* **Data extract**

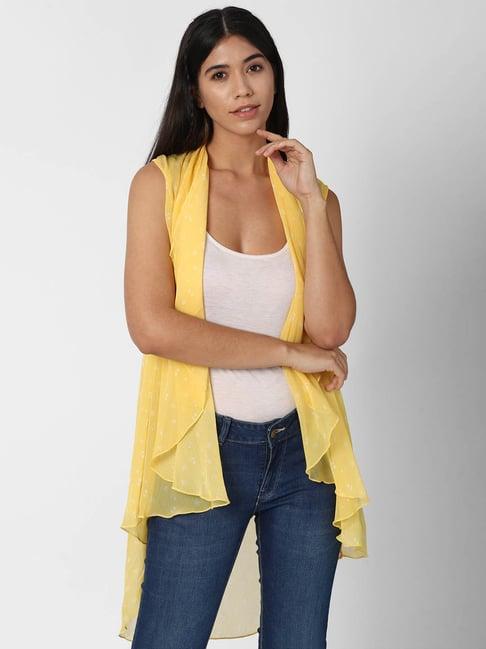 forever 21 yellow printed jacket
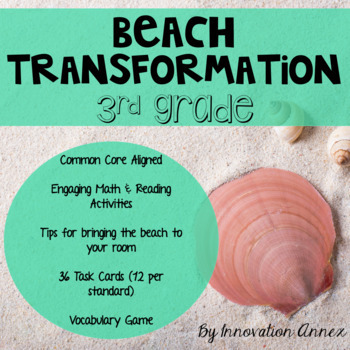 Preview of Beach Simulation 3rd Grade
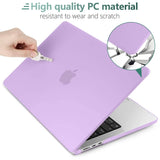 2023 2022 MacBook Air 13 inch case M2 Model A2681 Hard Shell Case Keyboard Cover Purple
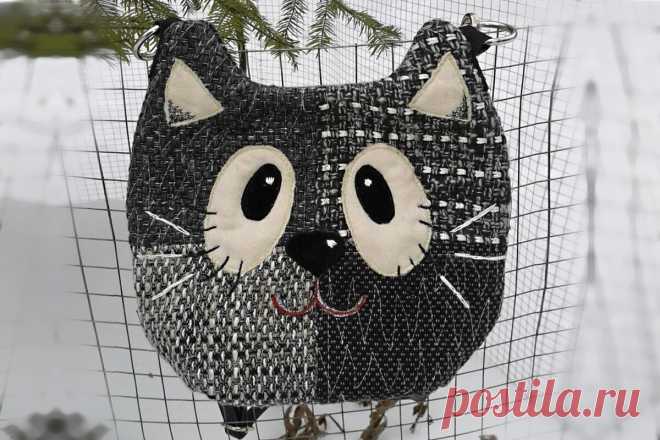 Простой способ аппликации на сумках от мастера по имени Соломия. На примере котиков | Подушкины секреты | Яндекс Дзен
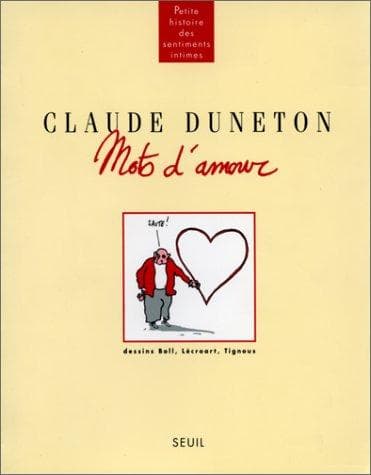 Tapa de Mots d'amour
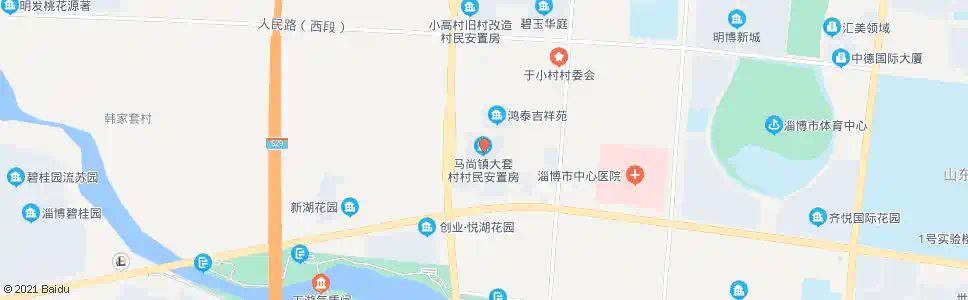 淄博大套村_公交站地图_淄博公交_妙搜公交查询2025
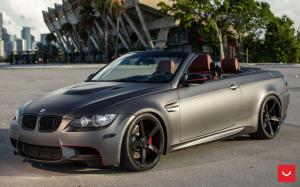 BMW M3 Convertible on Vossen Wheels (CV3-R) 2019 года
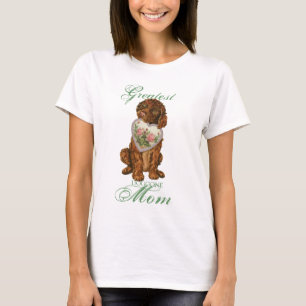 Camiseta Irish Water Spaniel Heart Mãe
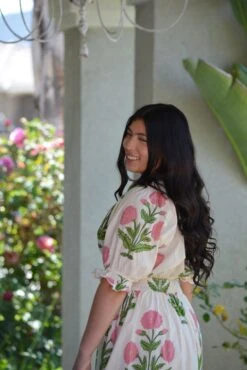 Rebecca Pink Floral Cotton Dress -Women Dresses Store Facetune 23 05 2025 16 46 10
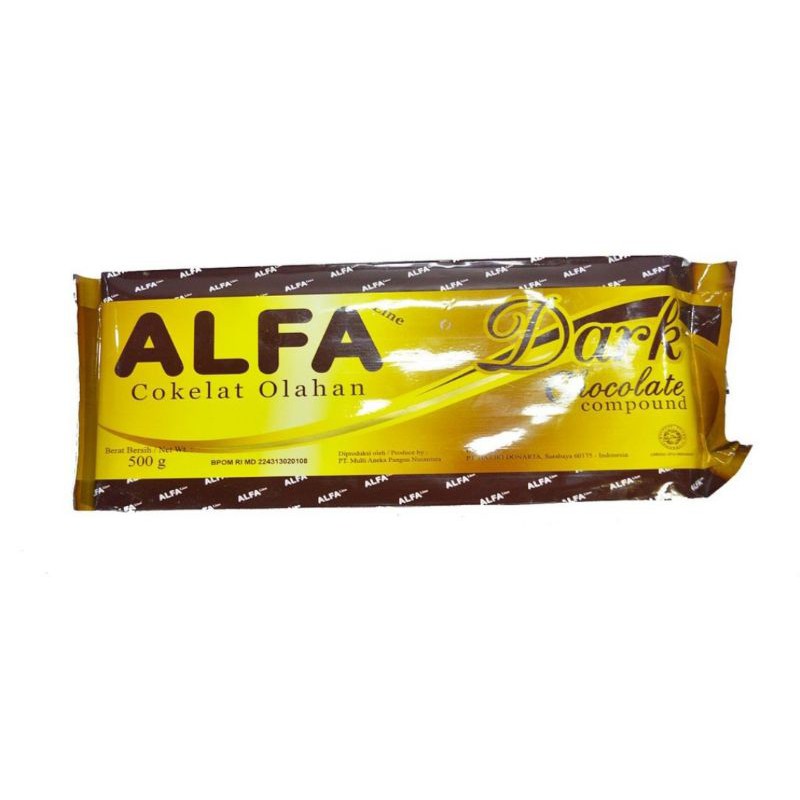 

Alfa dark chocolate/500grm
--
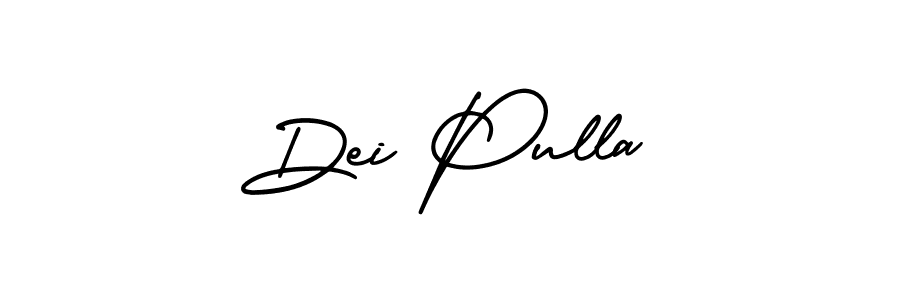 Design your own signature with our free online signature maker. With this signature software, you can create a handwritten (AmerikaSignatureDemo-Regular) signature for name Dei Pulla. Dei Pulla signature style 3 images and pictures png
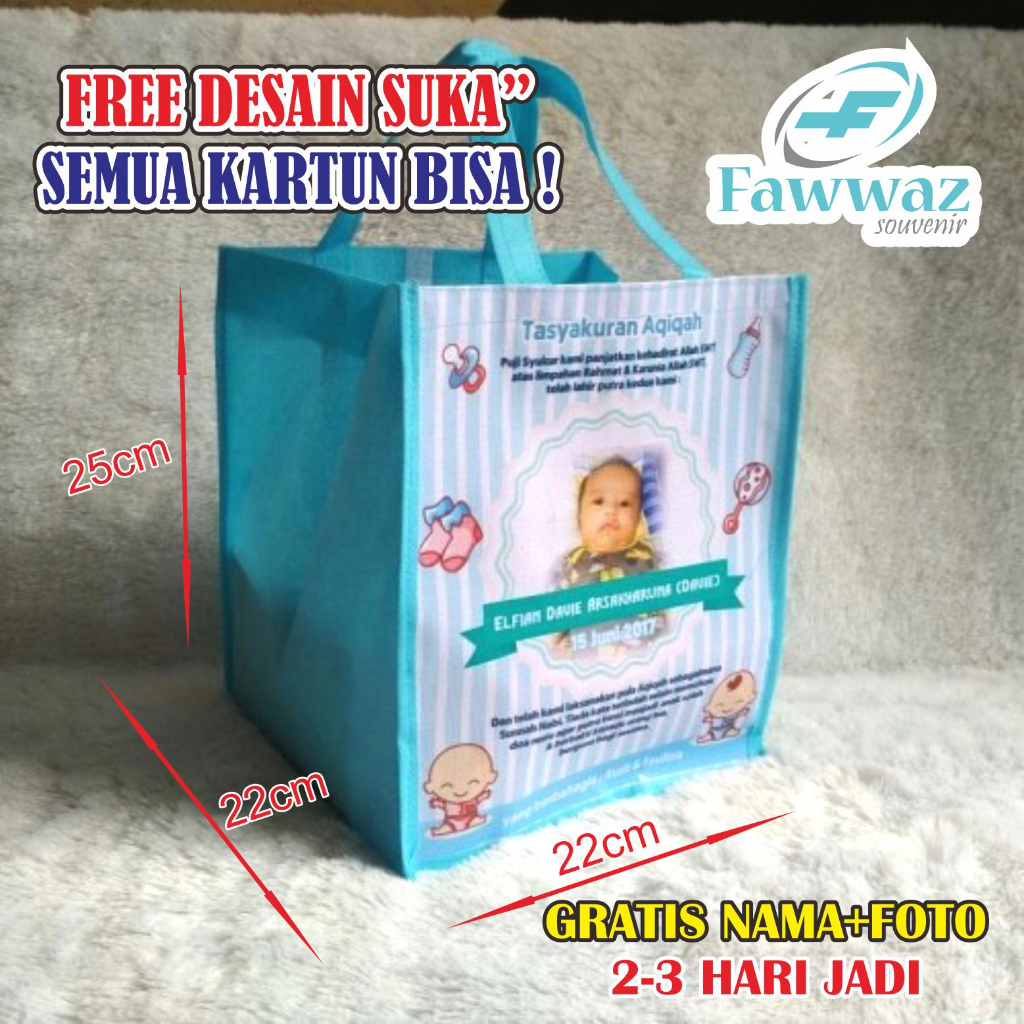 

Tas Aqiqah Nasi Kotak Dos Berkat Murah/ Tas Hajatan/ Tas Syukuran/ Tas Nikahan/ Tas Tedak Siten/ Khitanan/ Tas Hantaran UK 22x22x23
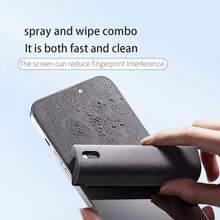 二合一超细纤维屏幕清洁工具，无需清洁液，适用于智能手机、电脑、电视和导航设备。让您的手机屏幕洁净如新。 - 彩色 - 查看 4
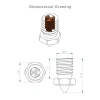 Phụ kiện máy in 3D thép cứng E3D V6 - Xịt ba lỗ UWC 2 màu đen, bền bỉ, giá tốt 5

* **The task**
Within the material above, find the part that opens with the line containing "Rebecca Pink Floral" and closes with the line containing "Alfa dark chocolate/500grm", and reproduce it exactly without the pictures.

* **Response**
 Rebecca Pink Floral Cotton Dress -Women Dresses Store Facetune 23 05 2025 16 46 10

Alfa dark chocolate/500grm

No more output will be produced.